You are WHAT you eat. But also WHERE you eat. Escapism is the latest trend – an escape from everyday life to a world like in some Hollywood film. A question about the spirit of the times is this: Will going out be increasingly staged for display on social networks?
"The dining experience" is being taken to some new heights – or lows, depending on your point of view. Top gastronomy publisher Marcella Prior-Callwey has helped to understand what the new event-dining megatrends are all about.
In west Berlin’s elegant Kurfuerstendamm boulevard, restaurant MQ offers California-style dining, while Berlin’s Italian restaurant Coccodrillo has a wild mixture of 1970s, Hollywood, diner and Italian-disco styles, local critics say.
It is the second trattoria in Germany by the gastronomy outfit Big Squadra, the German branch of the Big Mamma Group. Prior to Berlin, the group had created a big stir in places like Paris, London, Madrid, Marseilles and Monaco. Big Mamma’s design studio, Kiki, loves to design guest rooms of splashy-colored retro-kitsch.
"It isn’t our goal to be seen as an Instagram restaurant," Big Squadra Communications Officer Chiara Baumgartner said. "But if it is beautiful and exceptional, then pictures will be taken and people will want to share them. That’s how it is."
Light bulbs with glowing filaments, vintage furniture
Naturally, photogenic bars and restaurants have been around for a long time – whether due to their breathtaking views, their location up in the mountains or on a waterfront, or because of their impressive space. But during the 2010s it became apparent that even if located in boring spots, cafes and bars increasingly feature hip interior designs. The gastronomical world has mutated into one global village.
And, regardless of whether it is Manhattan Island or Barcelona, the new trendy places share many interior decor features in common: lightbulbs with visibly glowing filaments, vintage furniture, walls of brick or concrete, chalkboards, hanging flower baskets, clipboard menus, or even a bicycle on the wall, for whatever reason.
"Eventgastronomy" is the newest theater attraction.
"The gastronomical world is now much farther along than just wanting to be 'Instagramamble,'" said Marcella Prior-Callwey of the publishing company Callwey-Verlag in Munich. "It’s about the live experience, for only in that way can analog offerings compete against the digital world." Her publishing house each year stages a competition seeking "the most beautiful restaurants and bars" in Germany.
"Restaurants are the new theater. They are conceived as a Gesamtkunstwerk (total work of art)," Prior-Callwey said. Entrepreneurs aim to speak to all the senses with eclectic designs, music tailored to the setting and attractive menus.
Patrons want to have the best possible time there instead of just watching others online, she said. "They say to themselves: If I am spending money and investing the time, then I want it to be something stunning."
The new gastronomical megatrend
Prior-Callwey said that the trailblazers of the so-called megatrend now spreading across Europe and beyond have been, among others, from London.

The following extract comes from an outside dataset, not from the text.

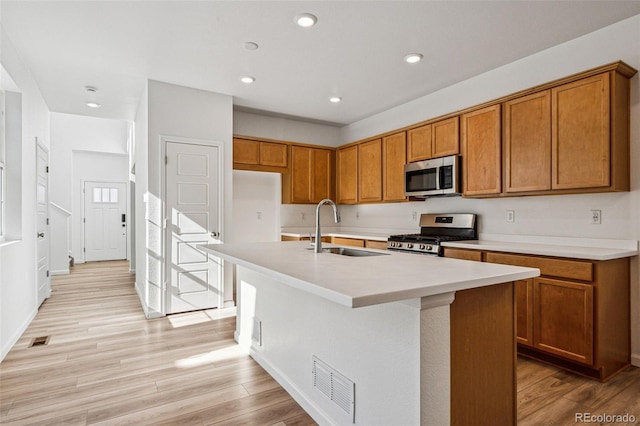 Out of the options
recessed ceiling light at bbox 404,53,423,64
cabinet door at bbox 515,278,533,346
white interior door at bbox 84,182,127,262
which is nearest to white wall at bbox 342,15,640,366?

There, such exclusive brasseries as Amazonico, Sketch and The Maine Mayfair have paved the way.
In such places, there is often some unusual combination on the plate and new ideas about how meals should be presented, whether for one person or more, so-called sharing, said Prior-Callwey. "Many guests want to see and be seen in such big-city restaurants. But above all, it’s about the real moment that they want to experience."
The noble event dining experience is just one part of peoples’ overloaded present-day lives, in which everyone – from classical cultural institutions to media to streaming services – competes for customers’ wallets and, above all, their time and attention, she explained.
"We are all inundated with offers that are clamoring for attention," said Prior-Callwey. "And you have to offer something and fill the time as stunningly as possible – and that’s exactly what these restaurants are doing."